DHC Ladies Bowling Tour
- Formation: 2005
- Dissolved: 2009
- Purpose: Professional ten-pin bowling tour in Japan, sanctioned by the JPBA
- Headquarters: Tokyo, Japan
- Region served: Japan
- Members: Mainly Japanese nationals.
- Official language: Japanese
- Website: http://top.dhc.co.jp/contents/support/bowling/

= DHC Ladies Bowling Tour =

DHC Ladies Bowling Tour (DHCレディースオープンボウリングツアー) (DHC LBT) was a Japan-based bowling tour for women bowlers. The Tour hosted a series of four to five tournaments each year throughout Japan. The tournaments were open to both professionals and amateurs. The Tour's corporate sponsor was DHC Corporation, a maker of cosmetics and health food supplements. The CEO of DHC is Yoshiaki Yoshida - one of the biggest supporters of the sport of bowling in Japan. DHC LBT started up in 2005, and was sanctioned by the Japan Professional Bowling Association (JPBA).

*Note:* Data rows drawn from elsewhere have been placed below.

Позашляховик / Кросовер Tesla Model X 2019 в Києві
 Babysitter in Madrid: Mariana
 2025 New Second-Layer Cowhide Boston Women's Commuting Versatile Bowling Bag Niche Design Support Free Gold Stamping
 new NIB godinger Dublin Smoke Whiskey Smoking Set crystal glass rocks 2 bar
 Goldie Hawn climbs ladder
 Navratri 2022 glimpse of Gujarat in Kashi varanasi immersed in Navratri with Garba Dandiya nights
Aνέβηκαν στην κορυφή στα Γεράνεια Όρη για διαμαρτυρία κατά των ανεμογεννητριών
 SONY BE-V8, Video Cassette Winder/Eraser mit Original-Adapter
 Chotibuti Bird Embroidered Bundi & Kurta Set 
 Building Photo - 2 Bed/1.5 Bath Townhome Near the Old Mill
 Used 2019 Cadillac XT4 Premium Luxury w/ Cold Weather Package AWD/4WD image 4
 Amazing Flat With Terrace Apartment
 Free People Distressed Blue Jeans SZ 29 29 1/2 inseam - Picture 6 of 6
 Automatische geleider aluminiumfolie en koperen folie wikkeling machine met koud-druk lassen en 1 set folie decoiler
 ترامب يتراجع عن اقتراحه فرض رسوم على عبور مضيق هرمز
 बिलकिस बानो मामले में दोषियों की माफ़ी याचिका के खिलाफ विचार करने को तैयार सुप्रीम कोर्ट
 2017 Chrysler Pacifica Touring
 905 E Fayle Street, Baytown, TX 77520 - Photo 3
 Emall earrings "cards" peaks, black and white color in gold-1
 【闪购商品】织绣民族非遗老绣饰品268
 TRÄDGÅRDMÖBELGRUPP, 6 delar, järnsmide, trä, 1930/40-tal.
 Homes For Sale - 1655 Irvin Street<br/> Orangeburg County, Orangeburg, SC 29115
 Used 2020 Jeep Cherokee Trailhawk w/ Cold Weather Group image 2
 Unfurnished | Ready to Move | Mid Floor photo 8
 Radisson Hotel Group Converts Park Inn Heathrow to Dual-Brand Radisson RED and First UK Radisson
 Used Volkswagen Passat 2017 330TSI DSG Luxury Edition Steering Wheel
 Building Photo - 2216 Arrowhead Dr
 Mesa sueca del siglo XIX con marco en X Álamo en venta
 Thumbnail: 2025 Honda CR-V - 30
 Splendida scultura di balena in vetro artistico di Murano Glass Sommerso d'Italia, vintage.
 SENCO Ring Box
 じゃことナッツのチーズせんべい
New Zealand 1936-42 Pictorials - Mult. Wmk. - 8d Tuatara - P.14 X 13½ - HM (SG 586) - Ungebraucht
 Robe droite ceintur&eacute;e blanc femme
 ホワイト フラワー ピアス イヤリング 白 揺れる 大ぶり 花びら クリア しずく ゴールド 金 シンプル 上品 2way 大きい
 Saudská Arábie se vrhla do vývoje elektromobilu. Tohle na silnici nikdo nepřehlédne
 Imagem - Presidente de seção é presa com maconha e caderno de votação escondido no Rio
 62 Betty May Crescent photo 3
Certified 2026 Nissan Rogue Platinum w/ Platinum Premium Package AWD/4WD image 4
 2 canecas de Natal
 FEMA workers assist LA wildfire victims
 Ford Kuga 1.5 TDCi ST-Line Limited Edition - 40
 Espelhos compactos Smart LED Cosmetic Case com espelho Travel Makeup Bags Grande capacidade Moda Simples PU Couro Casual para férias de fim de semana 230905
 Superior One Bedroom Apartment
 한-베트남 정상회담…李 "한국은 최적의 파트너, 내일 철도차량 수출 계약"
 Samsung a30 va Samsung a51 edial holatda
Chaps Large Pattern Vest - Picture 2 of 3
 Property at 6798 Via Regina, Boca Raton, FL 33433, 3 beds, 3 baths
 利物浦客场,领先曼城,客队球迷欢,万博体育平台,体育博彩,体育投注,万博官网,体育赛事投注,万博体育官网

In addition to the Tour's tournaments, DHC also hosted the DHC Cup Girls Bowling International, at the time the third-biggest tournament for women in the world, just behind the Women's U.S. Open and the USBC Queens. The DHC members also competed in other non-DHC events, such as P-League.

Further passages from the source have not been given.